Die Erklärung endet mit einem Bekenntnis. Die Ukraine könne auf die „unerschütterliche Solidarität“ der Europäer zählen. Der Verstärker „unerschütterlich“ steht da aus gutem Grund. Es gehe nämlich darum, die „vitalen Sicherheitsinteressen der Ukraine und Europas“ zu schützen. Ein weiterer wichtiger Punkt, denn es geht den Europäern natürlich auch um ihre eigenen Interessen. Sollte die Ukraine an Putin fallen, wäre dessen imperialistischer Hunger vermutlich nicht gestillt. Ein Aspekt, der zum Beispiel den polnischen Ministerpräsidenten Donald Tusk, dessen Land an Russland grenzt, besonders bewegen dürfte.

Die Opposition schwankt zwischen Hoffnung und Resignation

Von den deutschen Oppositionsparteien gab es einige weniger diplomatisch ziselierte Stellungnahmen, was insofern nicht überraschend ist, da diese nicht das Problem haben, unmittelbar mit dem unberechenbaren Trump arbeiten zu müssen.
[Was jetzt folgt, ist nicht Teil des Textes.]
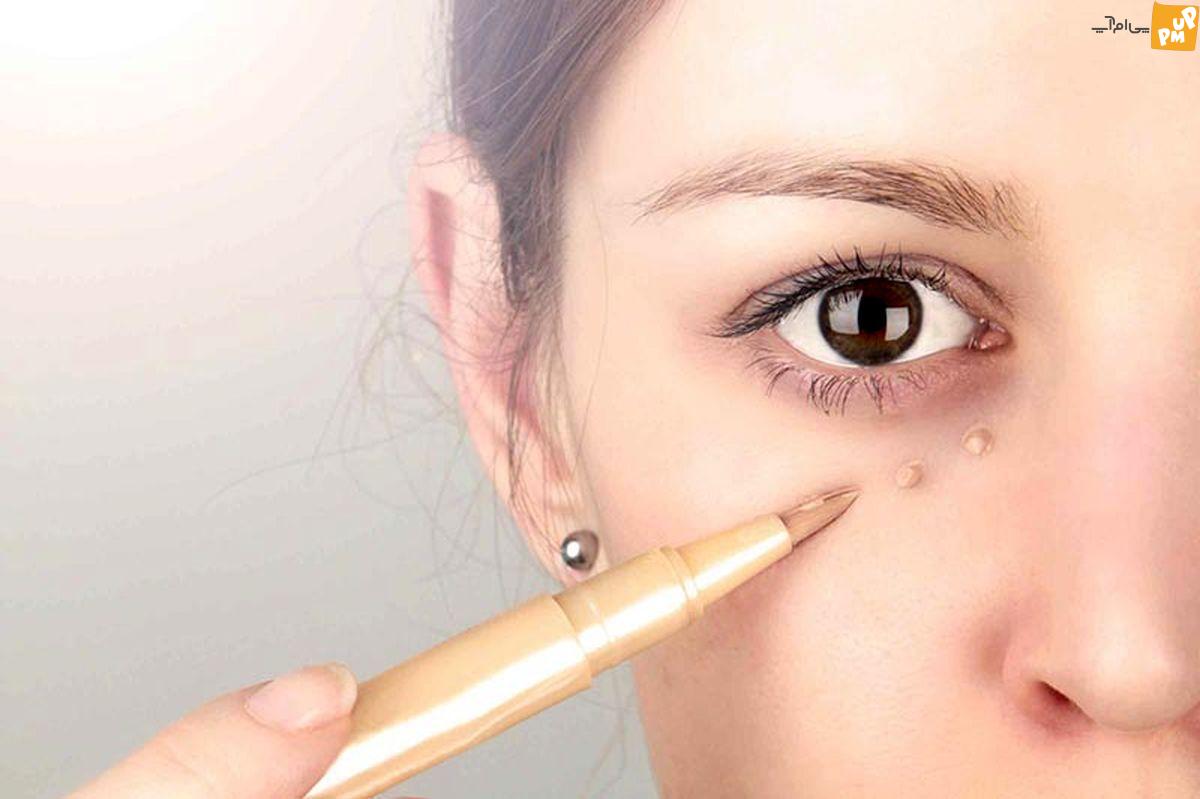 8 نکته مهم برای استفاده از کانسیلر برای پوست های خشک 8 نکته مهم برای استفاده از کانسیلر برای پوست های خشک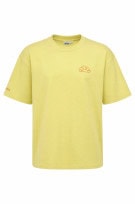 SUNDDEK T SHIRT MINIMAL ΚΙΤΡΙΝΟ ΑΝΤΡΙΚΟ PRE OWNED L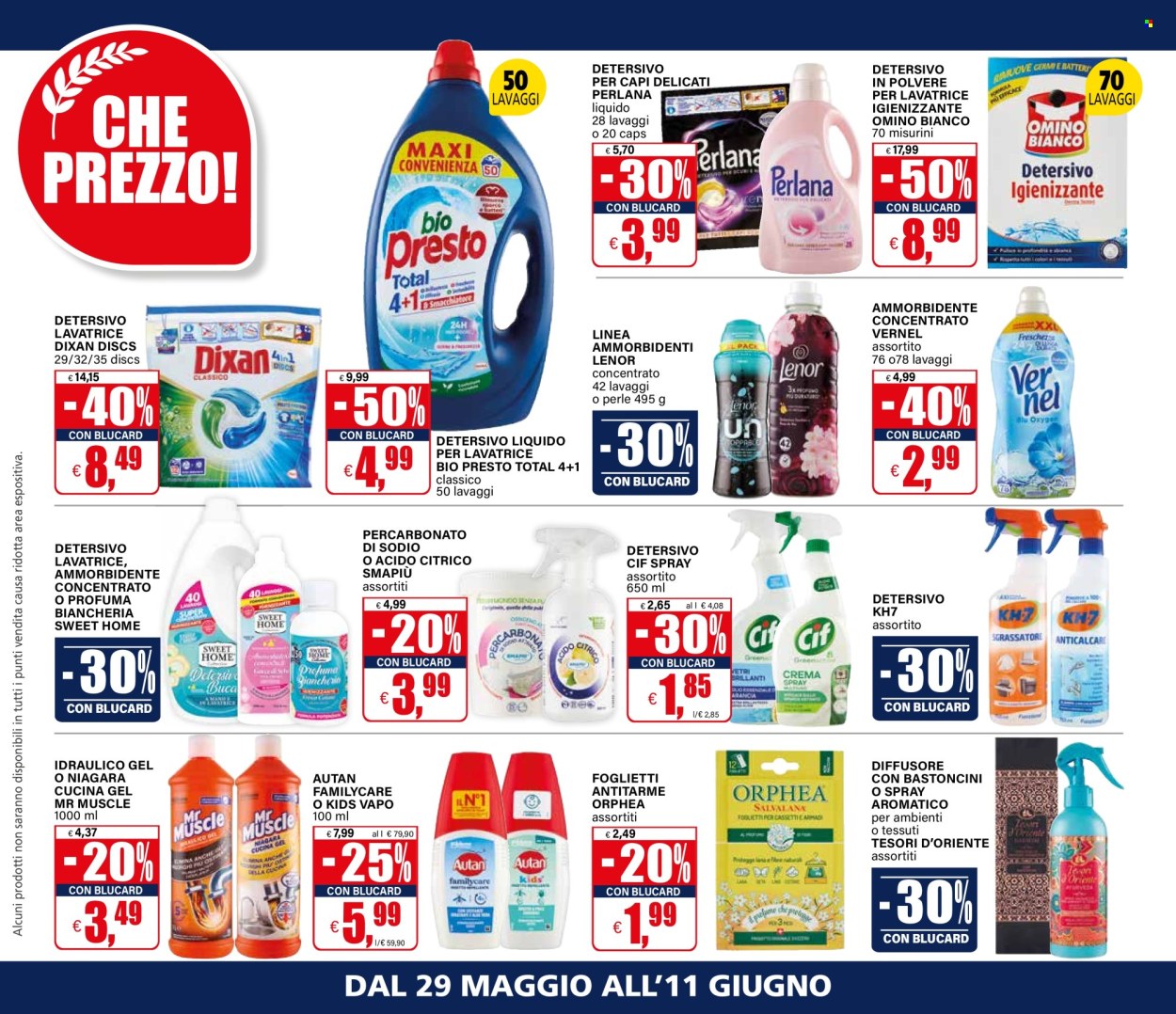 Volantino Il Gigante - 29/5/2025 - 11/6/2025. Pagina 8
Für die Grünen teilt die Fraktionsvorsitzende Britta Haßelmann mit: „Dieses Treffen war für Putin ein willkommenes Ablenkungsmanöver und zugleich eine Bühne, auf der er sehr berechnend Gesprächsbereitschaft inszenieren konnte.“ Haßelmann betont besonders einen Punkt: „Putin ist der Aggressor. Er kann diesen Krieg sofort beenden. Das müssen wir uns immer wieder vor Augen führen.“ Für die Ukraine habe sich durch das Treffen nichts verbessert. Für eine echte Friedensperspektive sei nichts erreicht. Dann folgt ein Satz, den man ebenso hoffnungsvoll wie resignativ lesen kann: „Wer weiß, was noch kommt.“

Für die Linke äußerte sich deren Sprecherin für internationale Beziehungen, Lea Reisner. „Das Treffen zwischen Trump und Putin war keine Diplomatie, sondern eine Machtdemonstration.“ Europa dürfe dieses „Schauspiel nicht länger hinnehmen“. Deutschland müsse mit den europäischen Partnern eine eigene, völkerrechtsbasierte Friedensinitiative starten. Und: „Wer Putin wirklich unter Druck setzen will, muss China einbeziehen. Ohne Peking bleibt jeder Friedensappell wirkungslos.“ Diesen Punkt macht auch Linken-Parteichef Jan van Aken immer wieder.